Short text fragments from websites
⟨

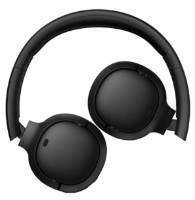 Наушники Edifier WH500 Black фото №6 — интернет-магазин Desire.md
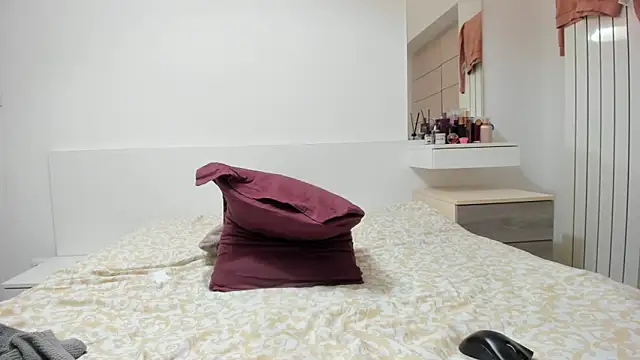 rosasweet02 Chat XXX live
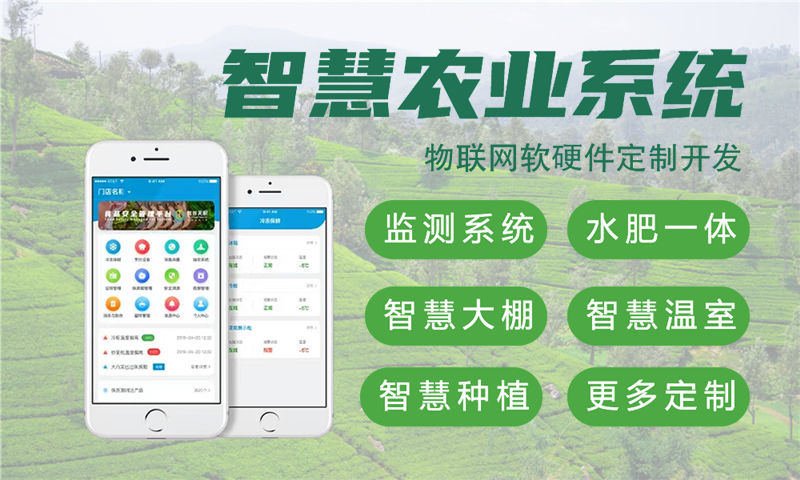 宁波物联网开发企业如何突破智能硬件研发瓶颈？专业单片机开发解决方案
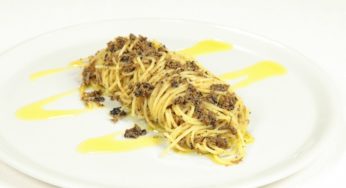 Scopriamo i 5 piatti tipici umbri. Con ricetta del primo classificato!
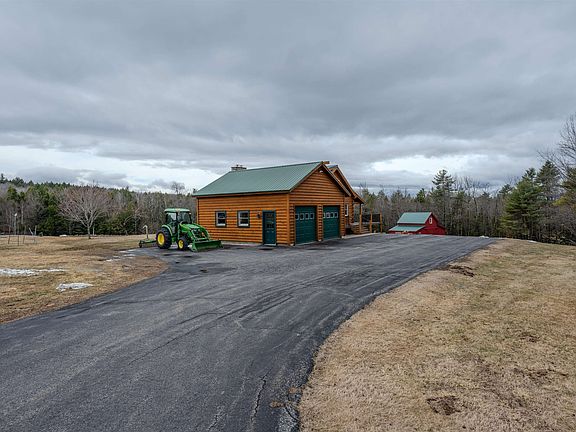 4th image of 1260 East Madison Road
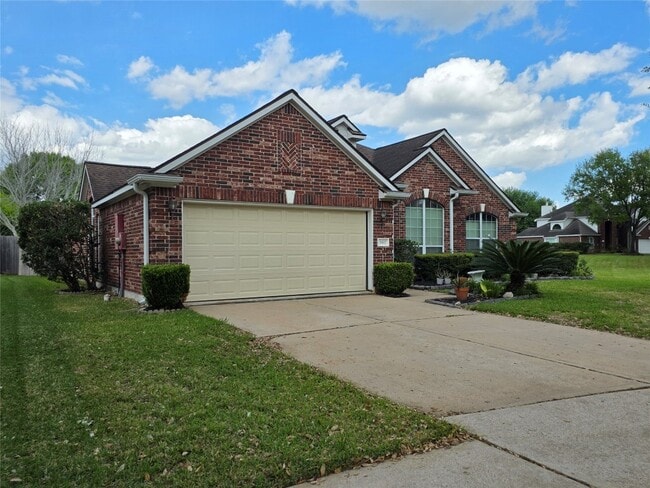 Building Photo - 3902 Double Trail Ct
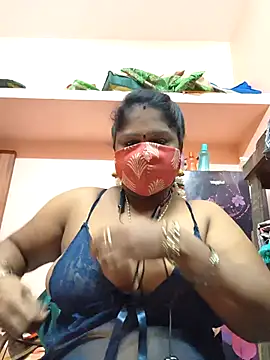 bakyasree143 online show from 05-09-26, 08:58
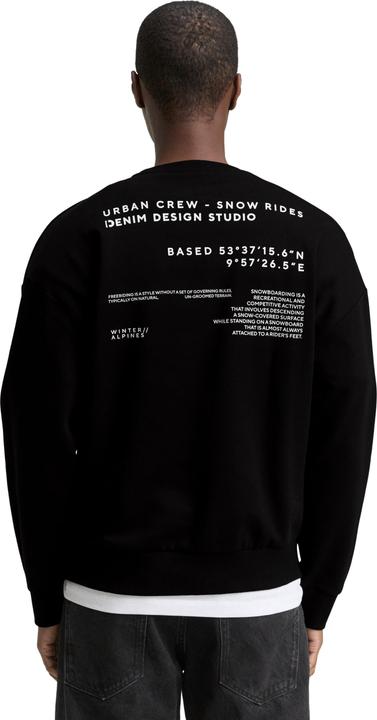 Produktbild Tom Tailor Sweatshirt (L)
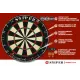 Комплект для игры в дартс SNIPER Summit Play Competition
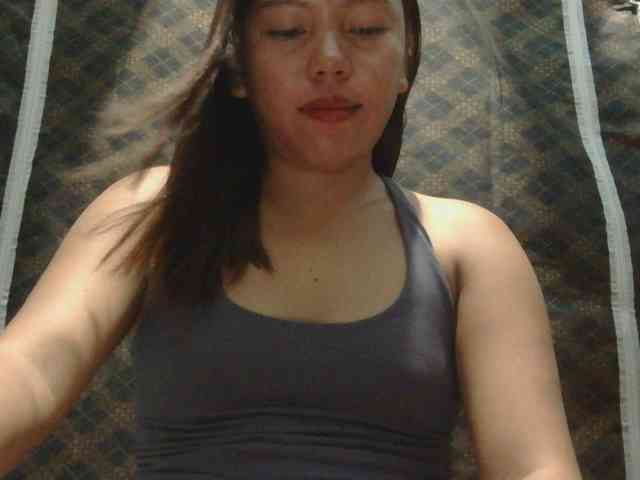 Stylishgirl091602 webcam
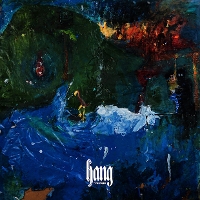 #5 - Foxygen - Hang Foxygen - Hang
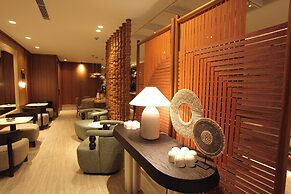 Housez Suites and Apartments - Special Class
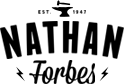 竞技宝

⟩

EXERCISE DETAILS — Starting at the line where "#5 - Foxygen - Hang Foxygen - Hang" appears, restate every line through the end of the records above exactly, but omit the pictures.

ANSWER SECTION —
 #5 - Foxygen - Hang Foxygen - Hang
 Housez Suites and Apartments - Special Class
 竞技宝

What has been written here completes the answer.